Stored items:

+ + +

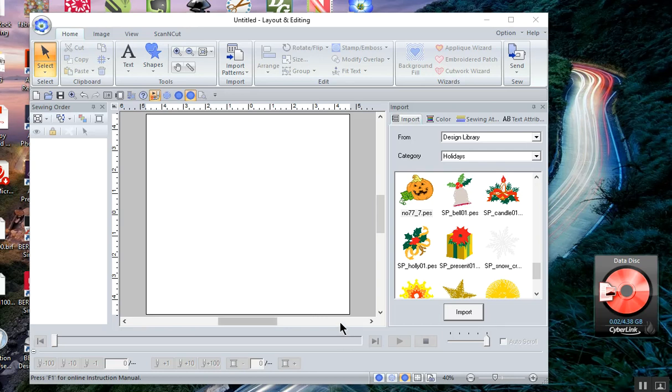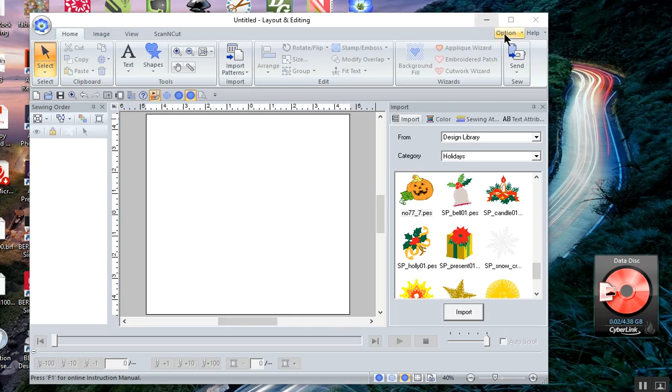The first thing I did on my Luminaire was go into the Wi-Fi settings and set up my network with the machine. I also renamed my machine in the network settings.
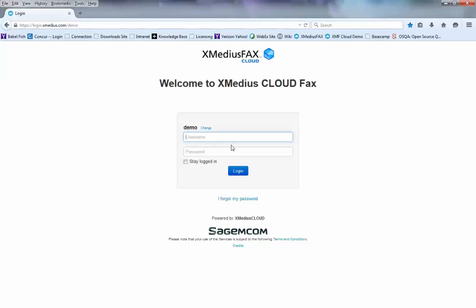You'll type in your username, again provided by your administrator, and the password that you selected when you created your account.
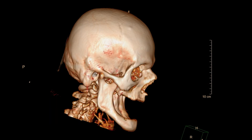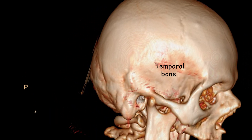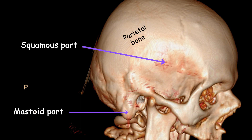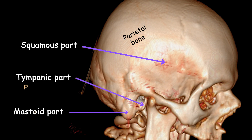The temporal bone is a paired bone located on the lateral sides and base of the skull. It is one of the most complex bones in the human body, positioned inferior to the parietal bones and anterior to the occipital bone. Each temporal bone consists of several parts, including the squamous part, petrous part, mastoid part, and tympanic part. In the 3D reconstructed CT scan image, you can observe the squamous, mastoid, and tympanic parts.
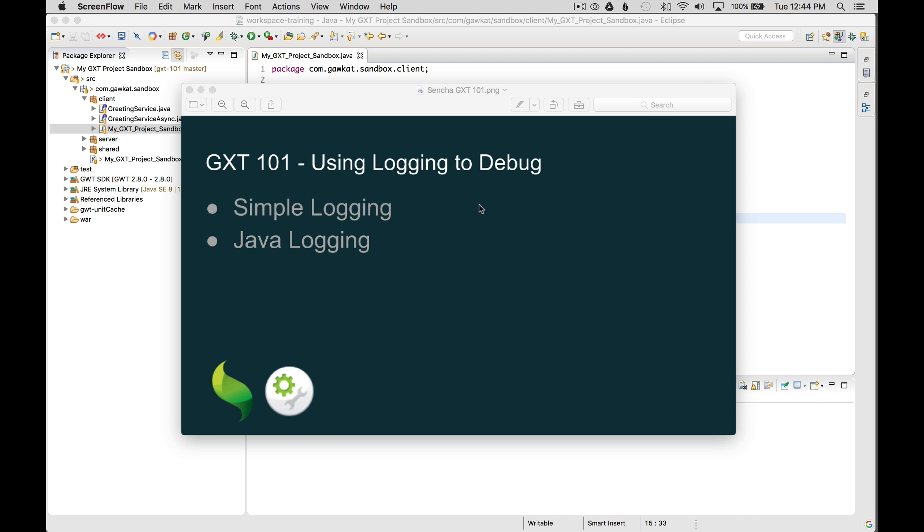In this episode, I'm going to cover using logging to debug. I'll start off by wiring up some simple logging. Then I'll wire up a Java logger.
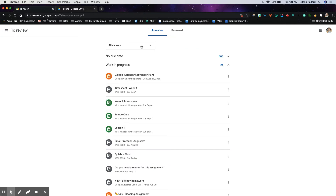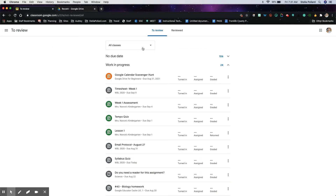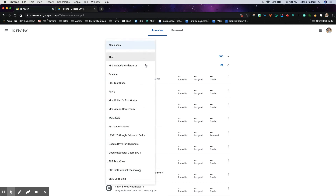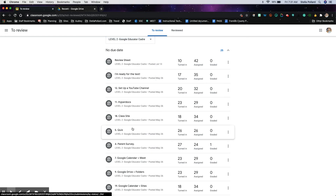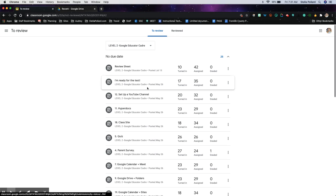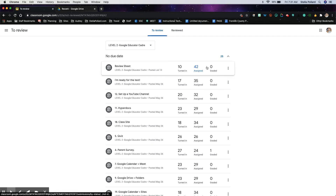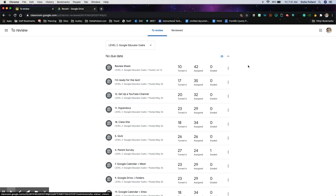You can use this dropdown menu to filter it by class. So you just go to whichever class it is that you want to review, and you can see just how many have turned in and how many got graded that way.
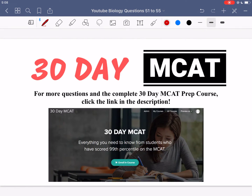That's it for the questions in this video. If you enjoyed what you saw, make sure to check out our course — the link is in the description below. In the course, we go through many different questions, breaking down the logic behind which answer options to choose and which to eliminate, which helps you on the MCAT. Make sure to subscribe to this channel to stay up to date on the videos we post.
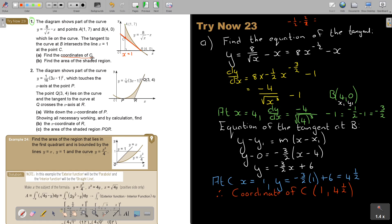That's what they asked — the coordinate of C. Now find the area of the shaded region. There are two ways: you can say curve minus straight line and integrate, or use the previous method with a shape. I'm going to show you where we take the area underneath the curve and then subtract the triangle.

+ + +

→ Problem description
Return the entries above exactly and in full; do not include images.

→ Solution below
The first thing I did on my Luminaire was go into the Wi-Fi settings and set up my network with the machine. I also renamed my machine in the network settings.
You'll type in your username, again provided by your administrator, and the password that you selected when you created your account.
The temporal bone is a paired bone located on the lateral sides and base of the skull. It is one of the most complex bones in the human body, positioned inferior to the parietal bones and anterior to the occipital bone. Each temporal bone consists of several parts, including the squamous part, petrous part, mastoid part, and tympanic part. In the 3D reconstructed CT scan image, you can observe the squamous, mastoid, and tympanic parts.
In this episode, I'm going to cover using logging to debug. I'll start off by wiring up some simple logging. Then I'll wire up a Java logger.
You can use this dropdown menu to filter it by class. So you just go to whichever class it is that you want to review, and you can see just how many have turned in and how many got graded that way.
That's it for the questions in this video. If you enjoyed what you saw, make sure to check out our course — the link is in the description below. In the course, we go through many different questions, breaking down the logic behind which answer options to choose and which to eliminate, which helps you on the MCAT. Make sure to subscribe to this channel to stay up to date on the videos we post.
That's what they asked — the coordinate of C. Now find the area of the shaded region. There are two ways: you can say curve minus straight line and integrate, or use the previous method with a shape. I'm going to show you where we take the area underneath the curve and then subtract the triangle.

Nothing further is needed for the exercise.